As a result, in 1974, the UMWA and the BCOA entered into another NBCWA, replacing the prior trust fund with four separate trusts which were “funded by royalties on coal production and premiums based on employee hours.” Pittston, 368 F.3d at 391. The 1974 NBCWA was “the first agreement between the UMWA and the BCOA to expressly reference health benefits for retirees.” E. Enters., 524 U.S. at 509, 118 S.Ct. 2131. The trust funds, however, began to experience financial difficulties and thus, in 1978, another agreement was made “assignfing] responsibility to signatory coal operators for. the healthcare of all of their own current and former employees.” Pittston, 368 F.3d at 391. Despite such actions, the trust funds continued to experience financial difficulties and were modified again in 1988. Id.

In 1992, Congress enacted the Coal Act to preserve benefits for UMWA retirees. E. Enters., 524 U.S. at 511-14, 118 S.Ct. 2131. Specifically, the Coal Act created the United Mine Workers of America Combined Benefit Fund (“Combined Fund”), which provided lifetime health benefits to retirees and their dependents. Id. at 514, 118 S.Ct. 2131. The Combined Fund is financed by annual premiums assessed against coal operators who had signed “any NBCWA or any other agreement requiring contributions to the 1950 or 1974 Benefit Plans.” Id. (citing 26 U.S.C. § 9701(b)(1), (3), § 9701(c)(1)). “The amount owed in premiums depended on the number of retirees and dependents for which each signatory operator was responsible.” Sidney, 427 F.3d at 339 (citing 26 U.S.C. § 9704(a)(1)-(3)). Any of these signatory coal operators “who ‘conducts or derives revenue from any business activity, whether or not in the coal industry,’ may be liable for those premiums.” E. Enters., 524 U.S. at 514, 118 S.Ct. 2131 (citing 26 U.S.C. §§ 9706(a), 9701(c)(7)). If “a signatory is no longer involved in any business activity, premiums may be levied against ‘related person[s],’ including successors in interest and businesses or corporations under common control.” Id. (citing 26 U.S.C. §§ 9706(a), 9701(c)(2)(A)).

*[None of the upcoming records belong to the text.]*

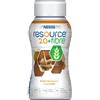 NESTLE' Resource 2.0+Fibre Caffè Bevanda Con Fibre 200 ml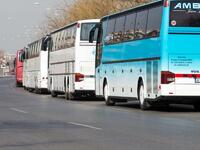 Πάτρα: 40 λεωφορεία στους δρόμους- Αυτοκ...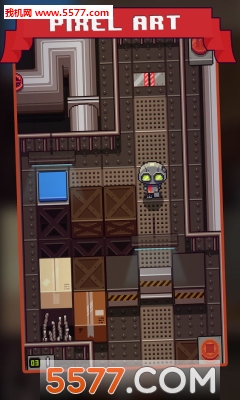 次品游戏下载-Defectives(次品安卓版)下载 v1.0.1 游戏截图 3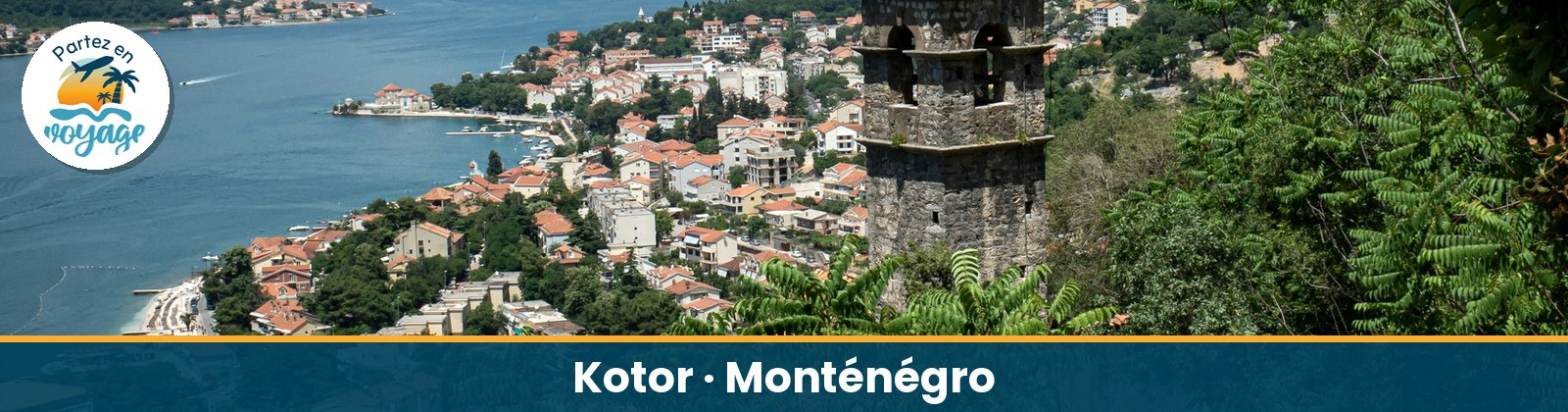 Croatie du nord au sud et Monténégro : 15 jours, départs de mai à octobre 2027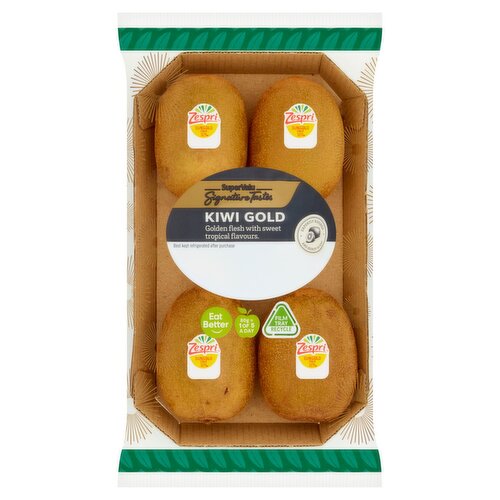 SuperValu Signature Tastes Kiwi Gold Tray (5 Piece)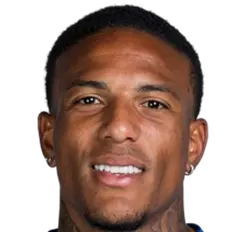 Michael Folorunsho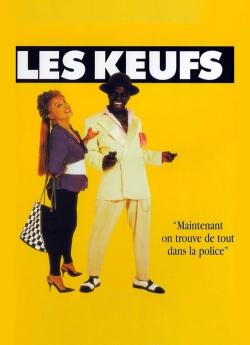 Les Keufs flemmix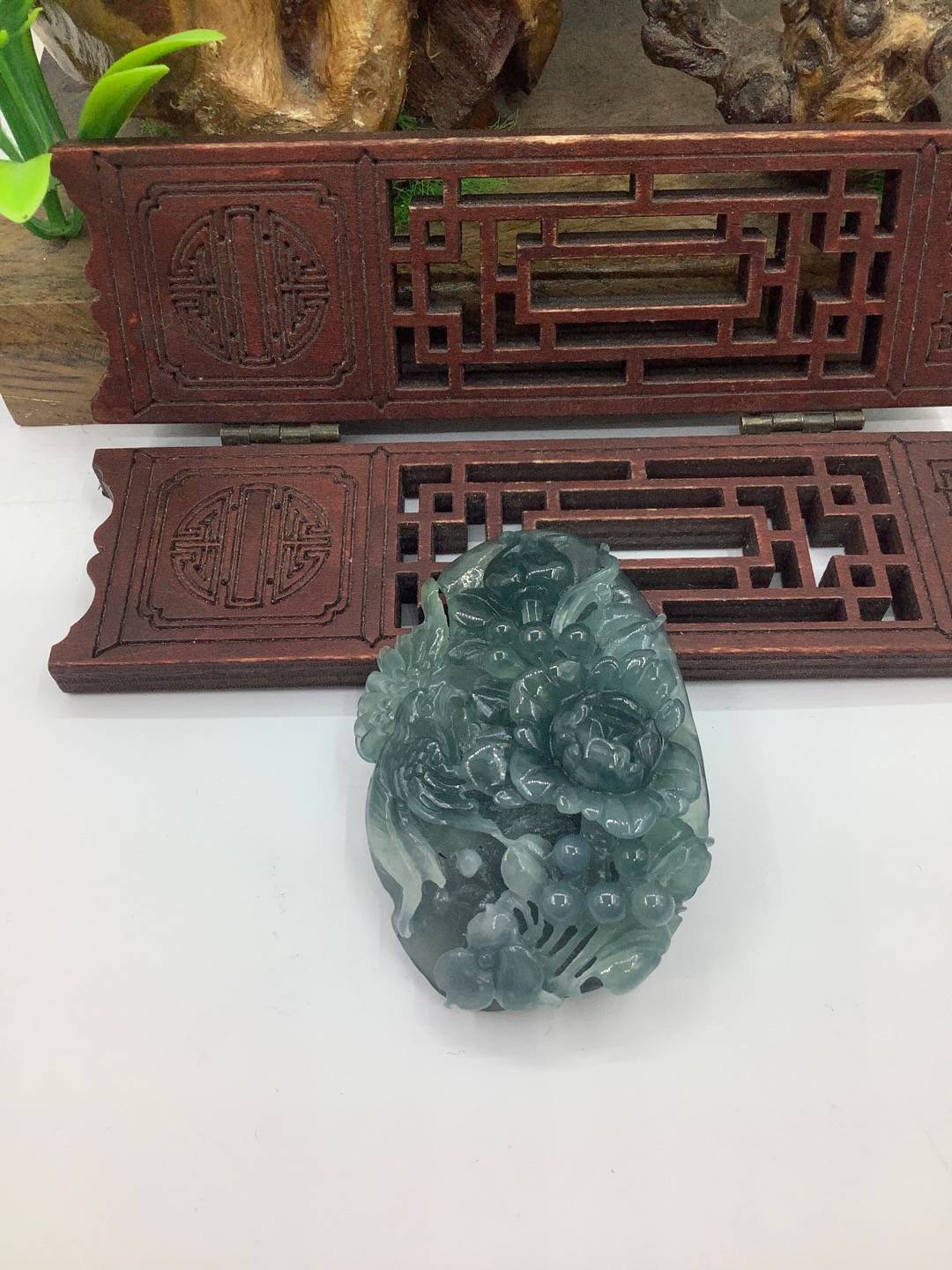 花开富贵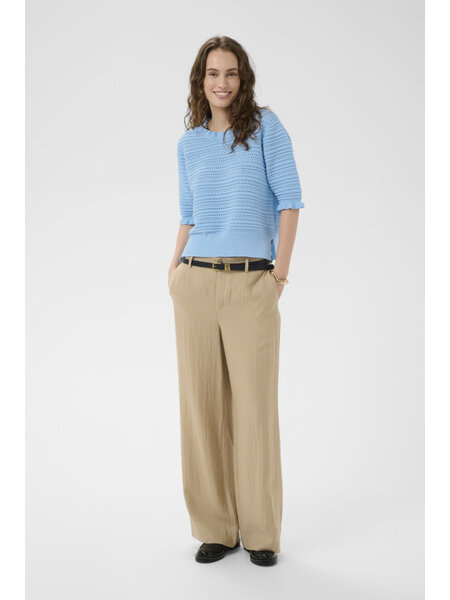 Culture CUtella SS Pullover 50112927-SS26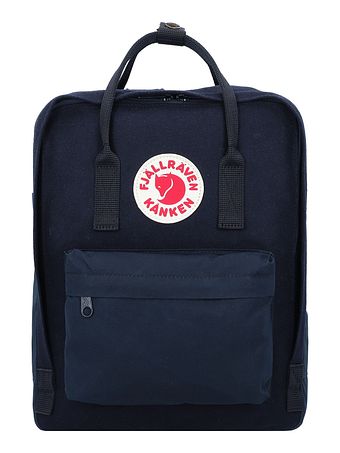 Fjällräven Kanken Re-Wool City-rygsæk 35 cm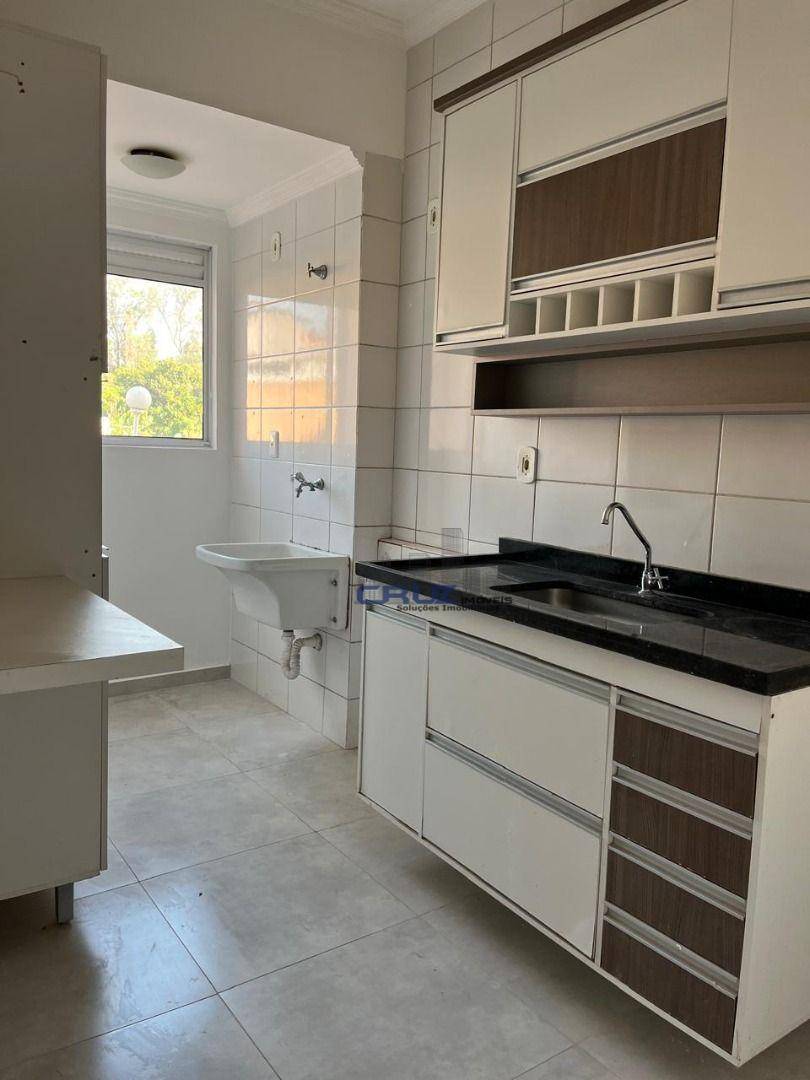 Apartamento para alugar com 2 quartos, 45m² - Foto 17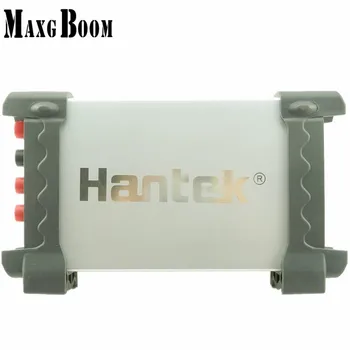 

2018 Original Hantek365F Isolated data logger,virtual multimeter,support bluetooth connection and iPad,hantek 365F Free shipping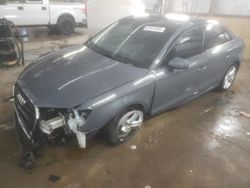 Audi a3 salvage cars for sale: 2018 Audi A3 Premium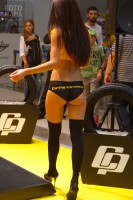 Девушка ММАС 2016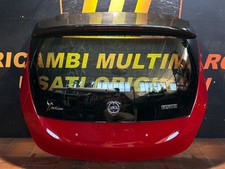 PORTELLONE BAULE COFANO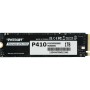 Накопичувач SSD M.2 2280 1TB Patriot (P410P1TBM28H)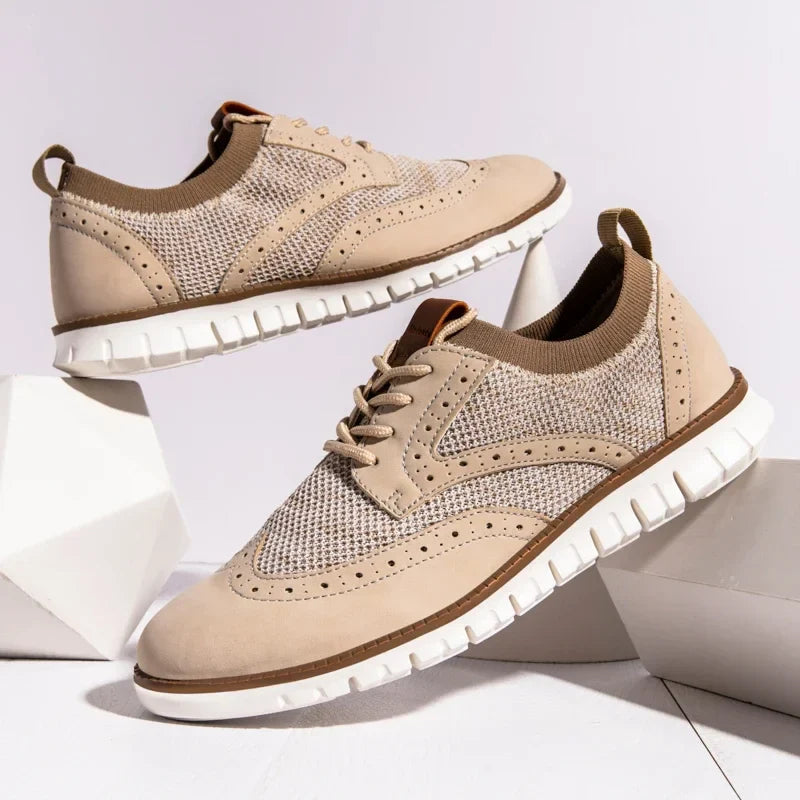 Charlie – Chaussures Décontractées Confort et Soulagement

The Act instructs the SSA to assign retirees to operators using the following formula:

1) to the operator which “was a signatory to the 1978 coal wage agreement or any subsequent coal wage agreement,” and which “was the most recent signatory operator to employ the coal industry retiree ... for at least two years;”

2) if unassignable under the first step, then to the operator which “was a signatory to the 1978 coal wage agreement or any subsequent coal wage agreement,” and which “was the most recent signatory operator to employ the coal industry retiree in the coal industry;” and

3) if unassignable under the first two steps, then “to the signatory operator which employed the coal industry retiree in the coal industry for a longer period of time than any other signatory operator *1277 prior to the effective date of the 1978 coal wage agreement.” 26 U.S.C. § 9706(a).

If an eligible beneficiary cannot be assigned under any of these steps, the'beneficiary is considered “unassigned,” and his benefits are funded through asset transfers from the 1950 National Bituminous Coal Wage Agreement Fund or the Abandoned Mine Land Reclamation Fund. Sidney, 427 F.3d at 340 (citing 26 U.S.C. § 9705(a)-(b)). If the asset transfers are insufficient, then the unassigned miners’ benefits are funded though premiums assessed against all assigned operators. 26 U.S.C. §§ 9704(d).